Monday, Nov. 04, 1935
Scorched Los Angeles
First came the wind. Swooping down on the Los Angeles district last week at 65 m.p.h., it toppled oil derricks, flattened orchards, roiled the harbor until shipping ceased, caused wide damage. Then came the fire. Started apparently by fallen power-lines, blazes flickered up in the night on three broad fronts, spread out through the dry, brush-matted hills of Altadena, Capistrano, Malibu. Soon the tawny, tumbled country on all sides of Los Angeles was a mass of crackling flame. Beneath huge billows of smoke, it sprinted across the arid hills, licking up bungalows threatening oil depots, stealing down lush valleys to frizzle acres of fruit.

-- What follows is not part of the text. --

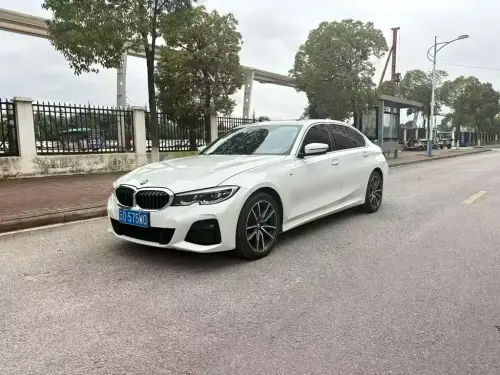BMW 3-Series, 2021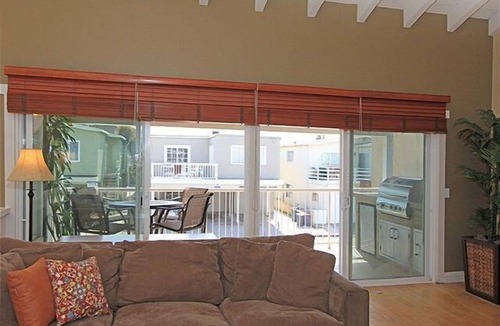 Santa Ana Heights House | Steps to Sand, Bikes, Balcony & Great Parking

In Altadena, frantic nurses moved 60 patients from La Vina Sanitarium before the $150,000 buildings collapsed in embers.
At Malibu, favorite watering place tor cinema folk, the conflagration crept within a mile of the cluster of rich houses before it turned aside with a change of wind. As it was, the homes of Cinemactors Charles Farrell & Lionel Atwill burned flat.
In Capistrano, a dust storm added to the woes of the firefighters. In Los Angeles itself, a mantle of ashes settled over everything.
Destruction was not halted until 150 sq. mi. had been burned to a crisp in four days, nearly ten millions in damage done.